Former President Pranab Mukherjee died on Monday in Delhi’s Army’s Research and Referral (R&R) Hospital, where he had been admitted a few days ago for a brain surgery. He was 84. Mukherjee had tested positive for the coronavirus disease before undergoing a successful surgery to remove a brain clot.
Mukherjee, President of India from 2012 to 2017, had kept his public interactions minimal since the coronavirus pandemic struck the country in January. He had undergone an angioplasty, a procedure to open blocked or narrowed coronary arteries, at the same hospital in 2014, according to a Hindustan Times report. He had not contested the 2017 Presidential election citing “advanced age and failing health”.
Mukherjee was awarded the Bharat Ratna, the country’s highest civilian award, last year.
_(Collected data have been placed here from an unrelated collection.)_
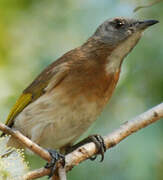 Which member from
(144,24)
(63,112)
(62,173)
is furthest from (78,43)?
(62,173)

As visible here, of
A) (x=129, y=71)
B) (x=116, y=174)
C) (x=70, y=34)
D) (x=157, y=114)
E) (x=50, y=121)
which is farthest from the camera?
(x=70, y=34)

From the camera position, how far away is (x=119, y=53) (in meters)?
5.37

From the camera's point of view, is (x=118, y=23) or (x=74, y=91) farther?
(x=118, y=23)

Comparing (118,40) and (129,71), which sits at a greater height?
(118,40)

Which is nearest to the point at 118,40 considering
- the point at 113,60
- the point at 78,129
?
the point at 113,60

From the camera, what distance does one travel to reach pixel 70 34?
7023 mm

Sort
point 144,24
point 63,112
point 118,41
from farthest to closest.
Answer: point 118,41 < point 144,24 < point 63,112

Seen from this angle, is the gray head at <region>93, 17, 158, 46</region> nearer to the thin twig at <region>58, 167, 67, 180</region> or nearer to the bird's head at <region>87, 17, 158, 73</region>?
→ the bird's head at <region>87, 17, 158, 73</region>

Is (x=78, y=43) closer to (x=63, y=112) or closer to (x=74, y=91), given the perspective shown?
(x=74, y=91)

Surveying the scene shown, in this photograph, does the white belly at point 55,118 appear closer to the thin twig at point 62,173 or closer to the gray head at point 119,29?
the gray head at point 119,29

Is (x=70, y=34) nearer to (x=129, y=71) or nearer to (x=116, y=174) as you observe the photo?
(x=129, y=71)

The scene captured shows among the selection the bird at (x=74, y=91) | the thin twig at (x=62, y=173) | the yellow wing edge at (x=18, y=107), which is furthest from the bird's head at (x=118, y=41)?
the thin twig at (x=62, y=173)

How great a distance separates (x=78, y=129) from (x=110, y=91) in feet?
1.85

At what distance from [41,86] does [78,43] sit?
5.92ft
As a minister in the Congress-led UPA governments and the chairperson of more than 90 ministerial committees from 2004 to 2012, Mukherjee had overseen such reforms and programmes as the Right to Information, the Right to Employment, and setting up of the Unique Identification Authority of India (UIDAI).
Born in the village of Mirati in Birbhum district of West Bengal, Mukherjee pursued History, Political Science and Law courses from the Kolkata University before becoming a college teacher and then a journalist.
He held the important foreign, defence, commerce and finance portfolios as a Union minister across various Congress-led governments in the past. Before becoming finance minister for the first time as part of Indira Gandhi’s Cabinet in 1982, Mukherjee had served as a deputy minister for finance in 1973-74. Mukherjee also served on the board of governors of the International Monetary Fund (IMF), World Bank, Asian Development Bank and African Development Bank. He was also appointed the deputy chairman of the Planning Commission in 1991 during the time of P V Narasimha Rao’s government at the Centre and held that position for five years.